Beach Books
I don’t generally read what most people think of as “beach books.” I despise fluff and have no patience for books with cardboard characters or mediocre writing. However, I do enjoy light-hearted books so long as they have some depth of character or theme or delightful wordplay or wit. Or both. For the days when you can’t handle Dante or Bronte, try these.
Miss Buncle’s Book by D.E. Stevenson
A meta-novel before “meta” was a word, this story of Miss Buncle who writes a lightly-veiled novel about her small English village starts a train of events in which the novel’s events start coming true. Delightful (with heavy emphasis on the light).
Thrush Green by Miss Read
My first Miss Read book, this was a charming introduction to characters I hope to meet in other books. The story takes place over the course of a single delightful day when the fair comes to the village of Thrush Green, with the characters’ back-stories told in flashback. Filled with eccentric, likable, and even lovable characters, this is vacation reading at its best.

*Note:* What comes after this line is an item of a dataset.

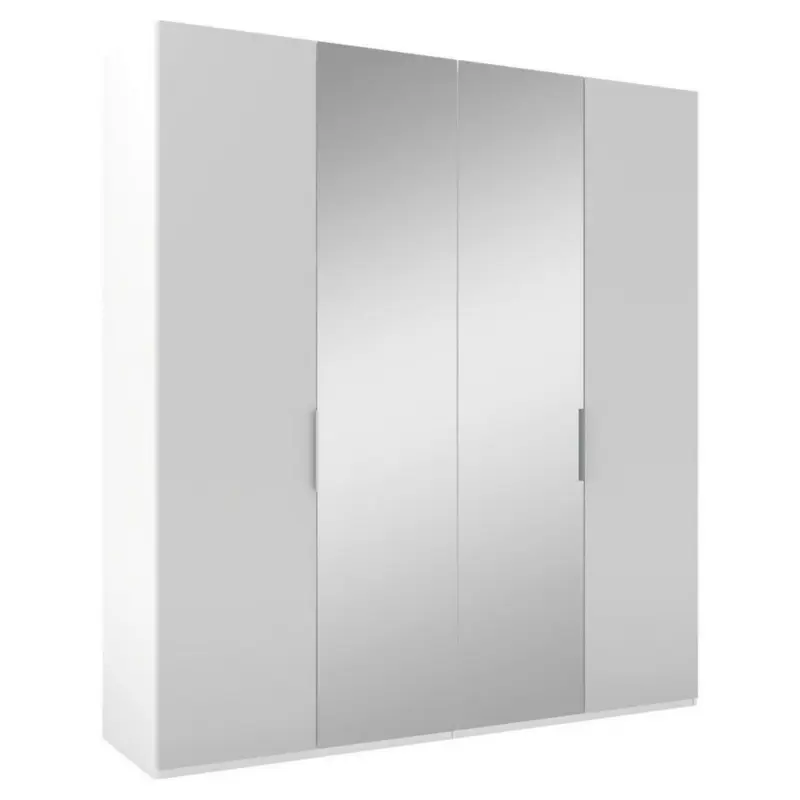 Drehtürenschrank in Grau, Weiß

At Home in Mitford by Jan Karon
The first book in Karon’s Mitford series about a charming small town in North Carolina, this book introduces us to bachelor Father Tim, elderly but still lively Miss Sadie, loving and feisty Louella, the guys at the Grill, the irascible Emma, and new-woman-in-town Cynthia Coppersmith. If you smell romance, pin a rose on your nose. There’s also a possible Vermeer, a jewel thief, and a really big dog. Also, Dooley Barlow, who deserves his own sentence. I could go on with the cast of crazy, comical, and lovable characters, but you’re better off just reading the novel for yourself.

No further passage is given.